_Extracted records_

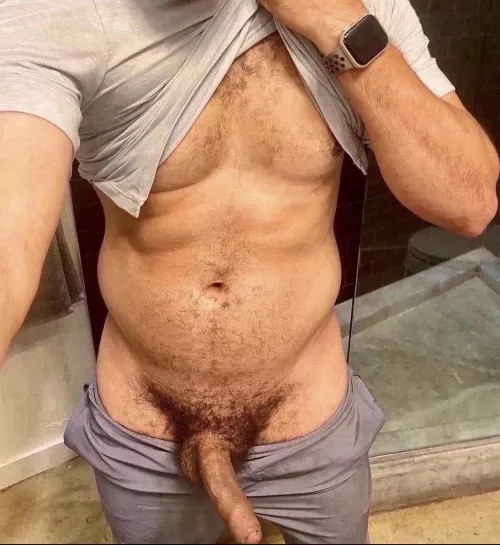 Look for yoga partner. I’m very experienced in deep stretching.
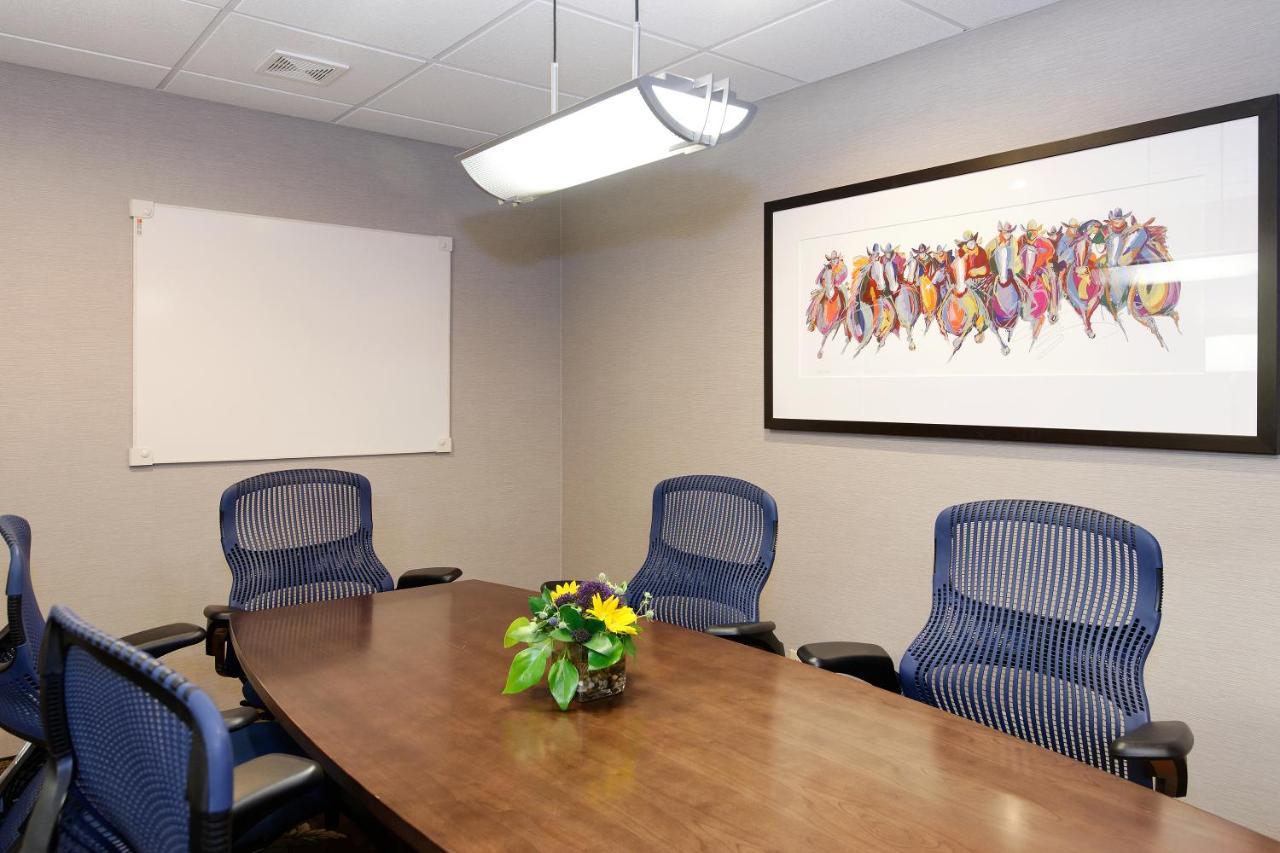 Holiday Inn Express Hotel & Suites Montrose - Black Canyon Area By Ihg Exteriér fotografie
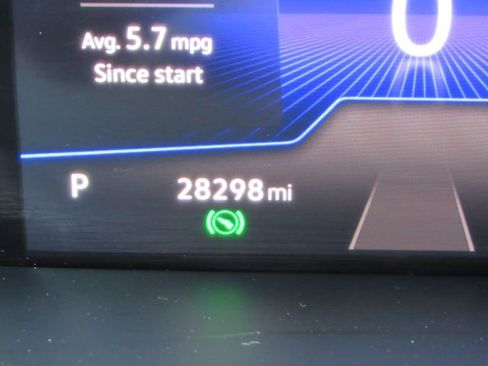 Used 2023 Volkswagen Taos SE image 36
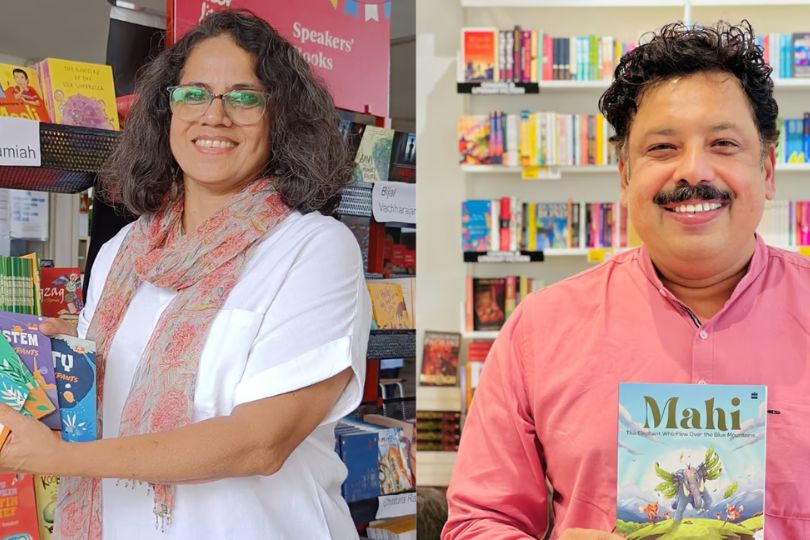 Mumbai: MuSo to Organise a Literature Festival for Children | Frontlist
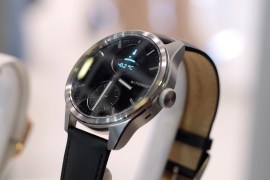 Withings ScanWatch 2 hands-on review: getting hot in here?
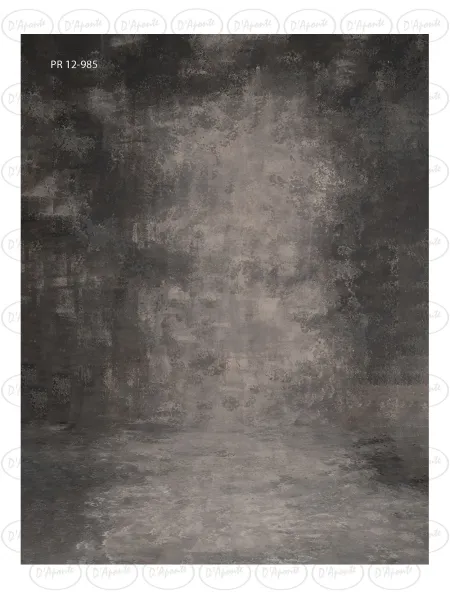 D'APONTE CANVAS BACKDROP PR 12-985 | D'Aponte | Premium Backdrops - PR 2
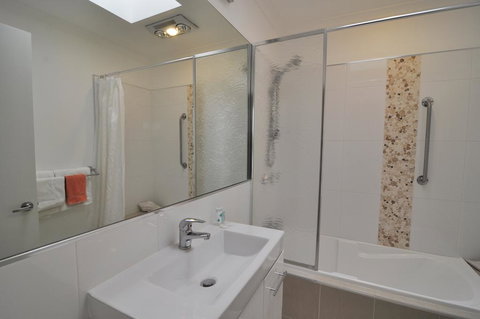 Bluedock Apartments - Hotel WA 1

_What is being asked_
Starting with the line that contains "D'APONTE CANVAS BACKDROP" and ending with the last line of the data above, transcribe exactly those lines and no others, without pictures.

_Answer to the problem_
 D'APONTE CANVAS BACKDROP PR 12-985 | D'Aponte | Premium Backdrops - PR 2
 Bluedock Apartments - Hotel WA 1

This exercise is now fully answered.